Information supplied:
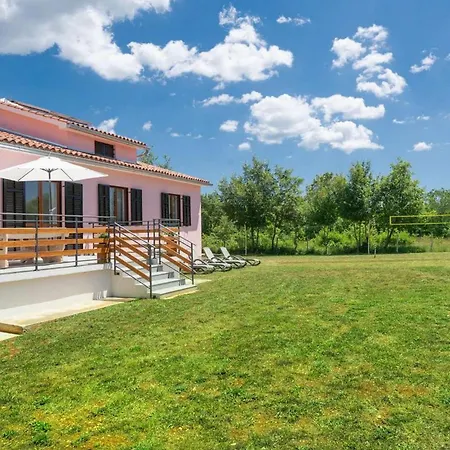 Casa Angela Tatil Evi *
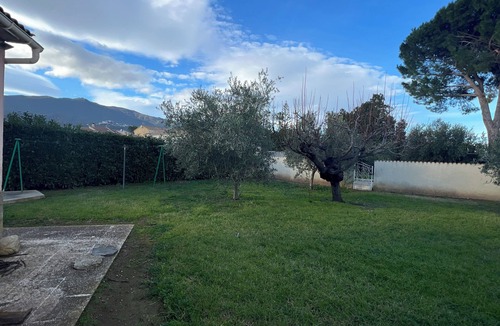 Lucciana House | Classic elegance and timeless charm: Maison de Caractère with garden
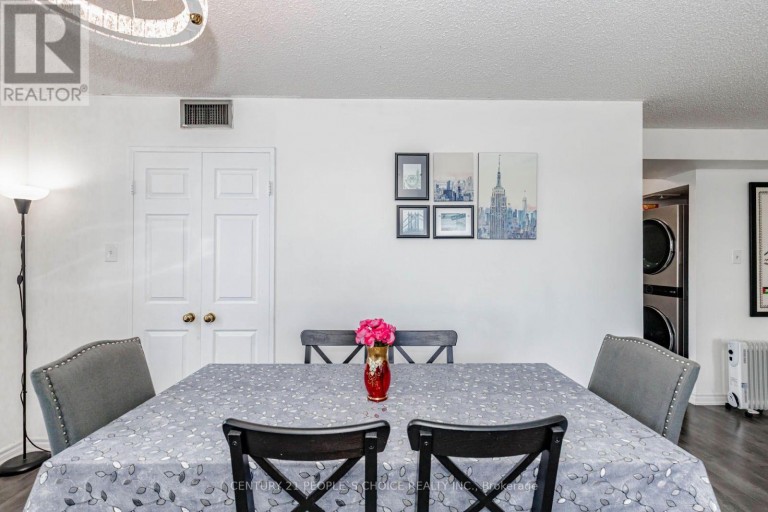 1015 - 250 WEBB DRIVE, Mississauga (City Centre), Ontario, L5B3Z4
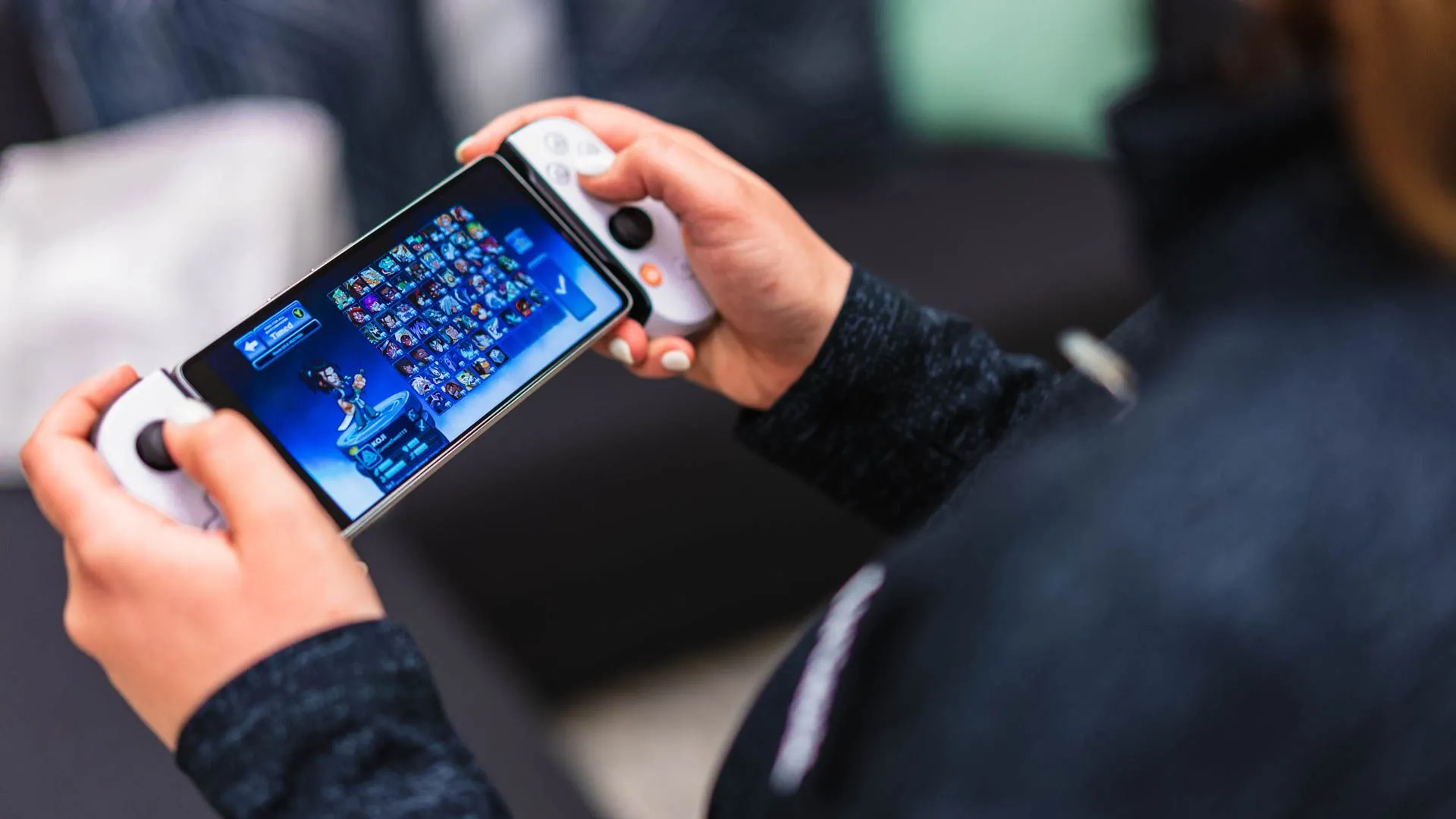 Người dùng trải nghiệm chơi game trên smartphone với tay cầm Backbone One PlayStation Edition.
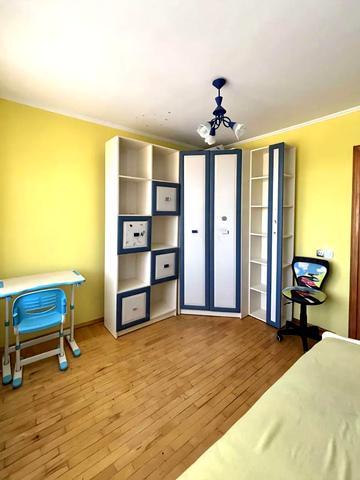 Наукова вул., 30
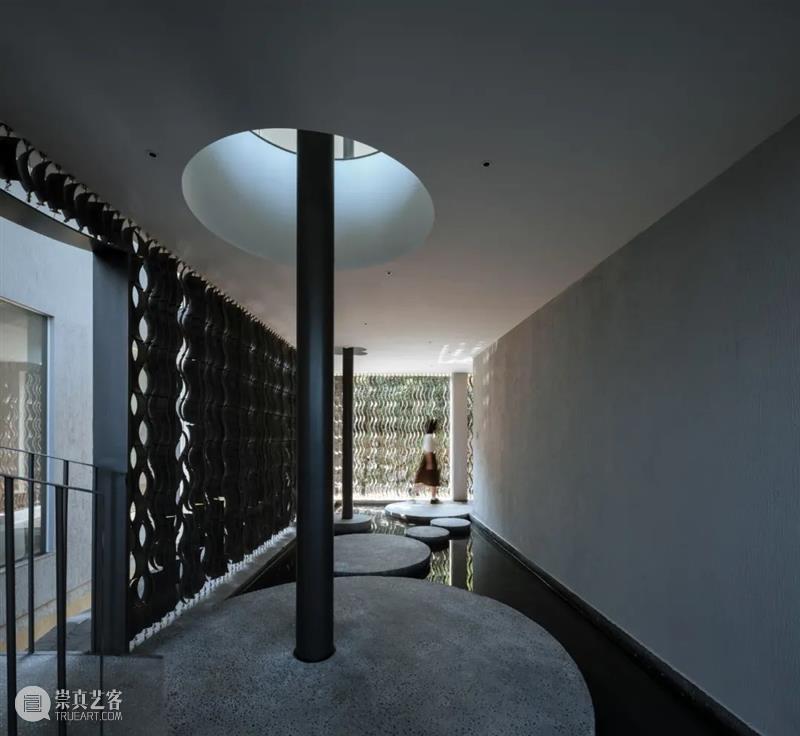 顺水六式，雨屋 / 来建筑 建筑 顺水 六式 唐徐国 屋顶 天空 空间 核心 要素 形式 崇真艺客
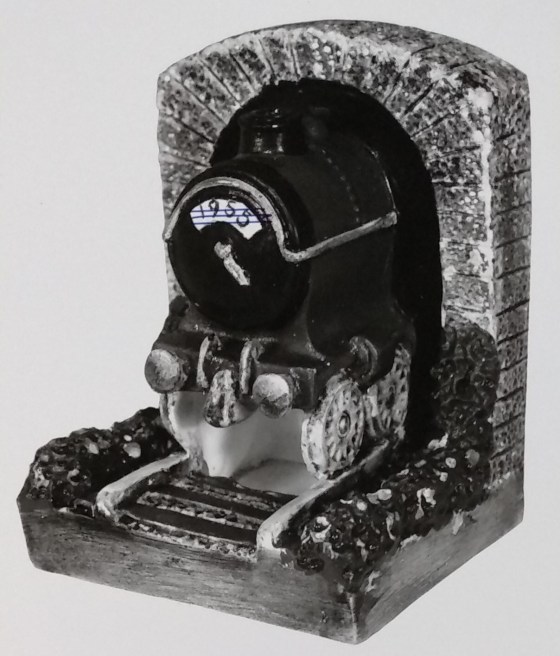 Train tunnel figurine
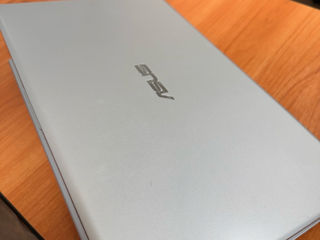 ASUS VivoBook foto 4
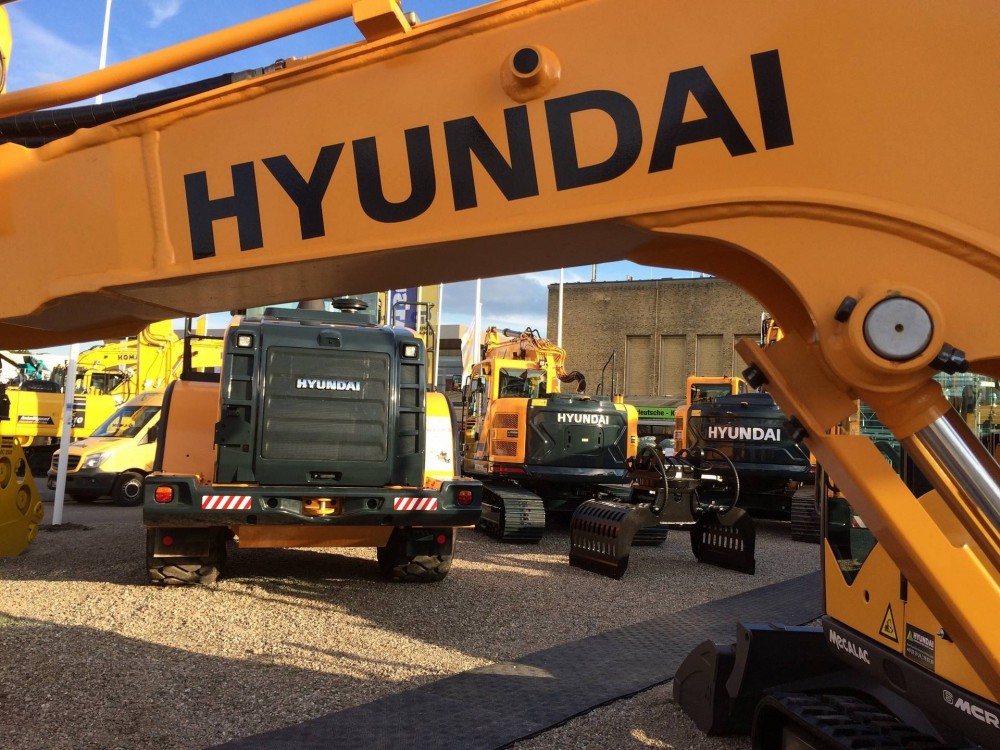 Hyundai Baumaschinen auf dem Stand von Wienäber während der NordBau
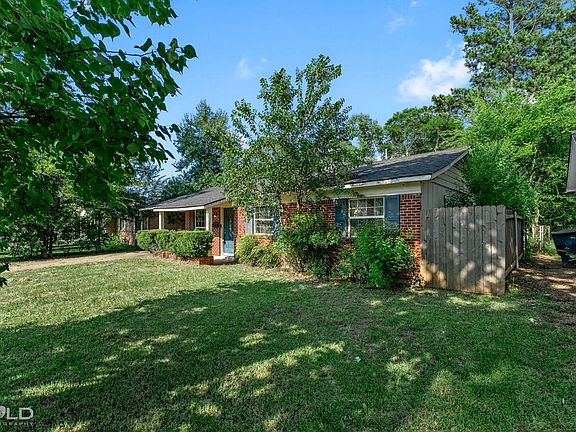 4th image of 9419 Normandie Dr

About this exercise:
Repeat the full set of records exactly, and output no pictures.

Task result:
 Casa Angela Tatil Evi *
 Lucciana House | Classic elegance and timeless charm: Maison de Caractère with garden
 1015 - 250 WEBB DRIVE, Mississauga (City Centre), Ontario, L5B3Z4
 Người dùng trải nghiệm chơi game trên smartphone với tay cầm Backbone One PlayStation Edition.
 Наукова вул., 30
 顺水六式，雨屋 / 来建筑 建筑 顺水 六式 唐徐国 屋顶 天空 空间 核心 要素 形式 崇真艺客
 Train tunnel figurine
 ASUS VivoBook foto 4
 Hyundai Baumaschinen auf dem Stand von Wienäber während der NordBau
 4th image of 9419 Normandie Dr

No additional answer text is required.